BEGIN
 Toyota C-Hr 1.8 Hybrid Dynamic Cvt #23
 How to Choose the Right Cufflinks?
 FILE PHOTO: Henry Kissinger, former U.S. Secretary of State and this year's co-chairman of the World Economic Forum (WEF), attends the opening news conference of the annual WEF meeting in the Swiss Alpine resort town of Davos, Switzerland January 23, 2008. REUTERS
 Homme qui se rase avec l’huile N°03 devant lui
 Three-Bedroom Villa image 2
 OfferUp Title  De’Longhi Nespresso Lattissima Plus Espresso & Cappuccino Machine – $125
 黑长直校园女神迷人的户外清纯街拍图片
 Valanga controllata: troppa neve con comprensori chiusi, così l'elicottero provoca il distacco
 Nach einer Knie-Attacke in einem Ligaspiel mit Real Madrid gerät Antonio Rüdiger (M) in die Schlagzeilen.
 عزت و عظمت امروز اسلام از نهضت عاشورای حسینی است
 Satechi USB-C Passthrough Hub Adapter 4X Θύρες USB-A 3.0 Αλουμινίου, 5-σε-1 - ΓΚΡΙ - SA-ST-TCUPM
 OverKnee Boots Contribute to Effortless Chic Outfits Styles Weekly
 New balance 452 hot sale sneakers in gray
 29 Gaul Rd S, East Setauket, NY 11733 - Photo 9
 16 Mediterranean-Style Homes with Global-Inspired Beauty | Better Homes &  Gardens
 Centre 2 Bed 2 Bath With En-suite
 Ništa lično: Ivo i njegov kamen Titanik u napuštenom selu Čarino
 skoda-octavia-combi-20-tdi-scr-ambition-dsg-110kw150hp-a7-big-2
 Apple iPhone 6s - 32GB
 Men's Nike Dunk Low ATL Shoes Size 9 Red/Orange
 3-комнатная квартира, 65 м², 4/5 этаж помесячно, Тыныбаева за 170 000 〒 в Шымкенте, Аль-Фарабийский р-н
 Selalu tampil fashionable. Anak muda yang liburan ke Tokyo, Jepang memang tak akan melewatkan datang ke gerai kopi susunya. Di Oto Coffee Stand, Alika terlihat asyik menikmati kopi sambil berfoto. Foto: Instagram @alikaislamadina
END
What is required:
Restate word for word the entries above from the line with "Three-Bedroom Villa image 2" through the line with "عزت و عظمت امروز", inclusive, leaving out everything else.

Result for this exercise:
 Three-Bedroom Villa image 2
 OfferUp Title  De’Longhi Nespresso Lattissima Plus Espresso & Cappuccino Machine – $125
 黑长直校园女神迷人的户外清纯街拍图片
 Valanga controllata: troppa neve con comprensori chiusi, così l'elicottero provoca il distacco
 Nach einer Knie-Attacke in einem Ligaspiel mit Real Madrid gerät Antonio Rüdiger (M) in die Schlagzeilen.
 عزت و عظمت امروز اسلام از نهضت عاشورای حسینی است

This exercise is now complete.